**Supplied data**

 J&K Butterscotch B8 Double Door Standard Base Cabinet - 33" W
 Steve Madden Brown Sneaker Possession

...

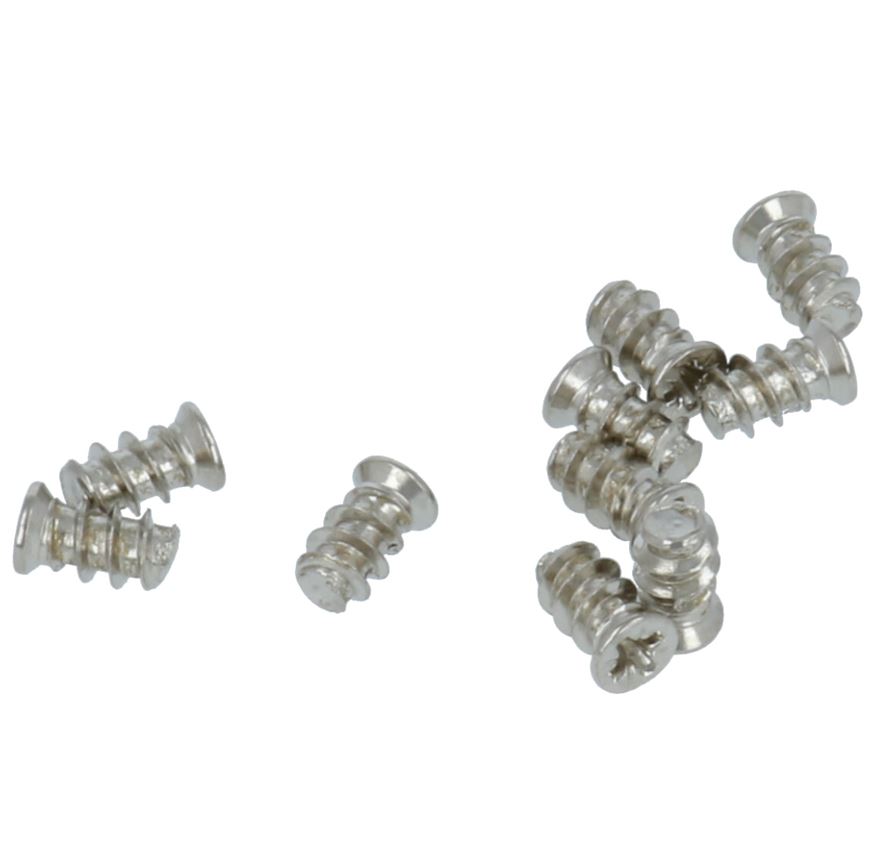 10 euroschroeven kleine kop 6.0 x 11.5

==

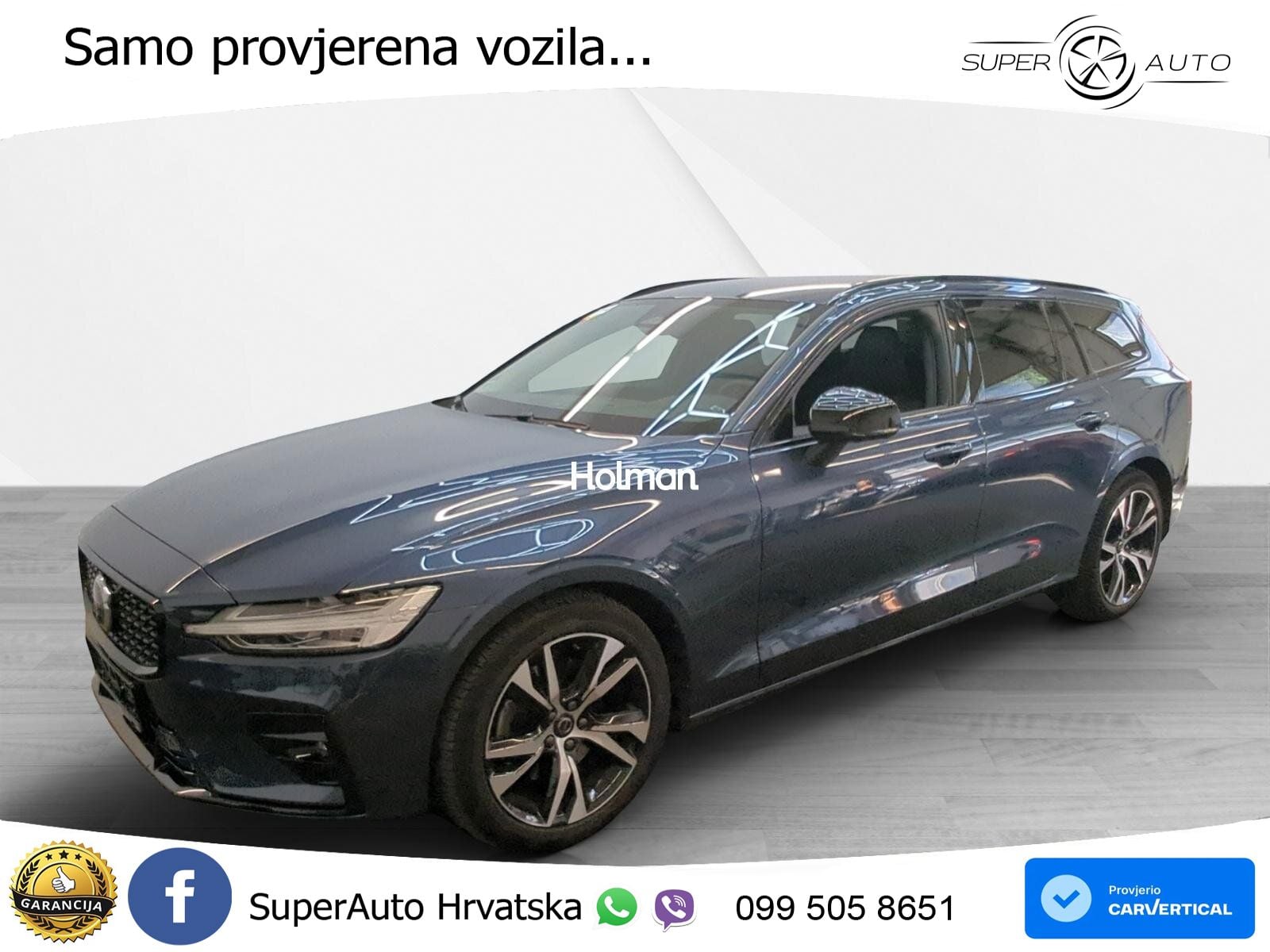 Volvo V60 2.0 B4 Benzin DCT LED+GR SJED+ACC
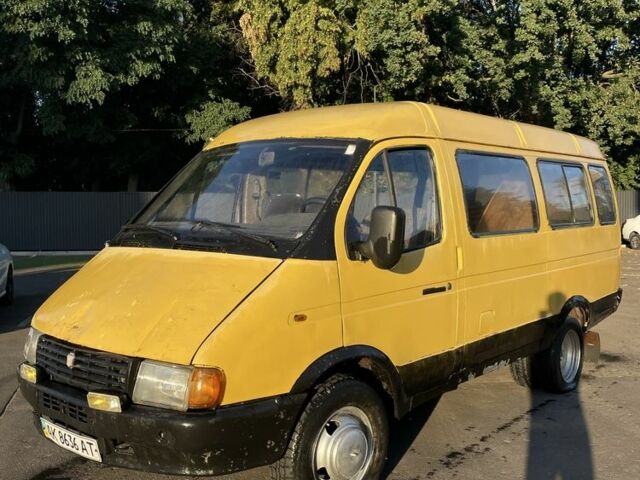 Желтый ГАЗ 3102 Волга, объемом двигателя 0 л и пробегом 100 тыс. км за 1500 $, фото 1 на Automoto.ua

**Aim of the exercise**
From the entries above, give again exactly the lines running from the line with "J&K Butterscotch B8" to the line with "Steve Madden Brown Sneaker Possession"; include both of those lines.

**Finished exercise**
 J&K Butterscotch B8 Double Door Standard Base Cabinet - 33" W
 Steve Madden Brown Sneaker Possession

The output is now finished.